Long Island lawyer Andrew J. Turro, confronted the Board last on Tuesday June 19 seeking the stay. It was denied on Friday.
"We are shattered for the time being," was all the defence team could tell Harnesslink.
Turro will now put all of his efforts into defending Pena against the doping charges.
In May Pena was suspended indefinitely by the New York State Racing and wagering Board for allegedly drugging horses in nearly 700 races in New York State - and in doing so amassing more than 1,700 equine drug violations.
It means Pena still isn't allowed to train his horses in New York until his case is heard before the Board, most likely in August.
Vallandingham likened the case to that of seven times Tour de France winner, Lance Armstrong, who also has his legacy threatened with doping charges.
"Both men have never returned one positive. Get off their backs. What Lou was doing everyone was doing. It seems to be a vet thing. He's not a cheater. He would bend over backwards for anyone.

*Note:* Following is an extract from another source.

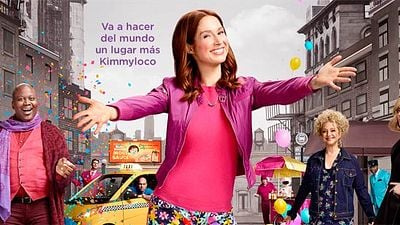 'Unbreakable Kimmy Schmidt': no te pierdas la marchosa nueva promo de la segunda temporada noticias imagen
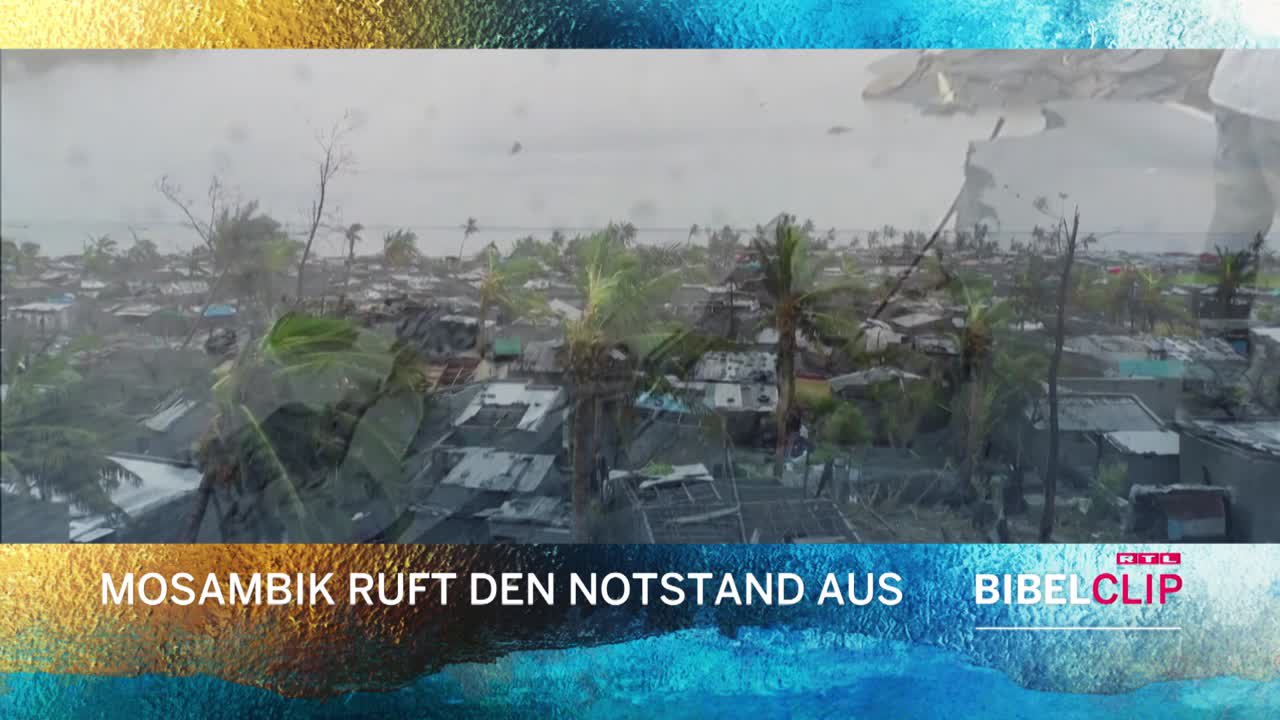 RTL-Bibelclip - Zerstörung durch Wirbelsturm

"He's so kind that last Christmas Lou and his partner shipped a horse out to me from New York at their expense. The horse was a Christmas present. That's how nice a person Lou is," Sacramento-based Vallandingham said.
Vallandingham also spoke highly of Pena's horsemanship both as a driver and trainer.
"I've watched him with horses for years and when you are as good as Lou you don't have to cheat. Why would he? He's one of the most "down to earth' people I know," he said.
If anyone knows horse-flesh and what a well conditioned standardbred feels like - it's Vallandingham.
In the 1980s he was champion driver at several harness racing tracks in California.
These days he just trains and drives a team of nine at Cal Expo - and says he will never retire..
"It's another four months before we race again here in California. We only have Cal Expo now and sadly some of those great old tracks like Hollywood Park and Los Alamitos are no more. But I'll keep chugging along. You never retire in this business.
"But we are confident of a big turnaround in California soon with a new administration. The sport badly needs some positive press and hopefully California can lead the way in the next few years," Vallandingham said.
Vallandingham has driven 2,929 winners from 19,342 drives since 1977. The Lexington (Kentucky) native has also placed 5,348 times for $13.2 million in purses.
He's also trained 371 winners and netted $1.69m in stakes.